> **Data provided**:
################
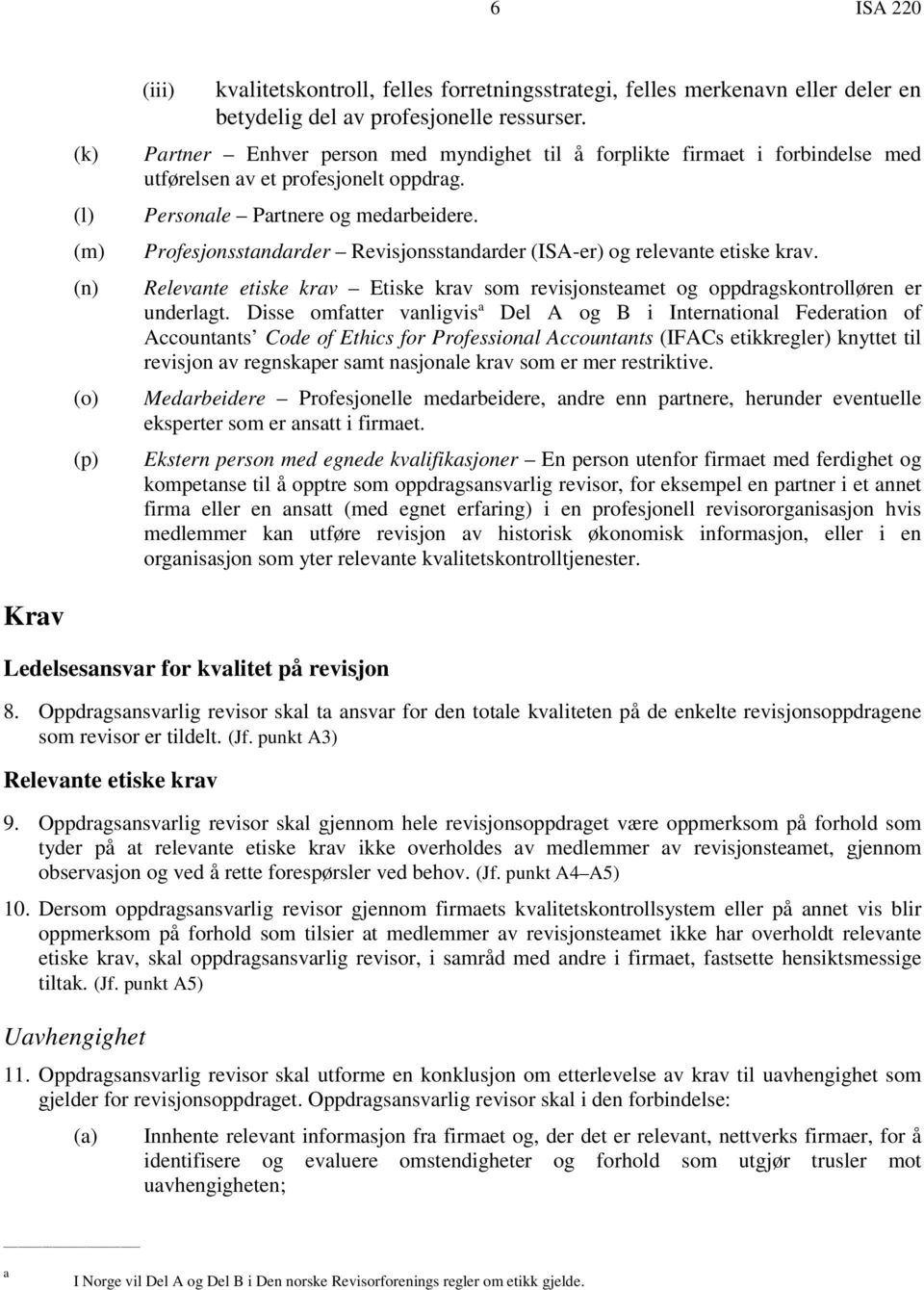 Profesjonsstandarder Revisjonsstandarder (ISA-er) og relevante etiske krav. Relevante etiske krav Etiske krav som revisjonsteamet og oppdragskontrolløren er underlagt.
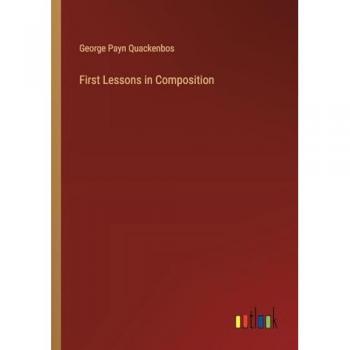 Quackenbos, George Payn: First Lessons in Composition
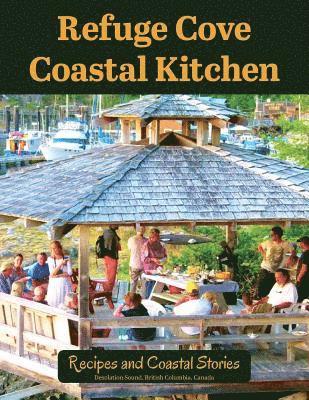 bokomslag Refuge Cove Coastal Kitchen: Recipes and Coastal Stories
################
> **Problem to work on**:
All that's required is the material above repeated exactly, minus any picture.

> **Task solution**:
 Profesjonsstandarder Revisjonsstandarder (ISA-er) og relevante etiske krav. Relevante etiske krav Etiske krav som revisjonsteamet og oppdragskontrolløren er underlagt.
 Quackenbos, George Payn: First Lessons in Composition
 bokomslag Refuge Cove Coastal Kitchen: Recipes and Coastal Stories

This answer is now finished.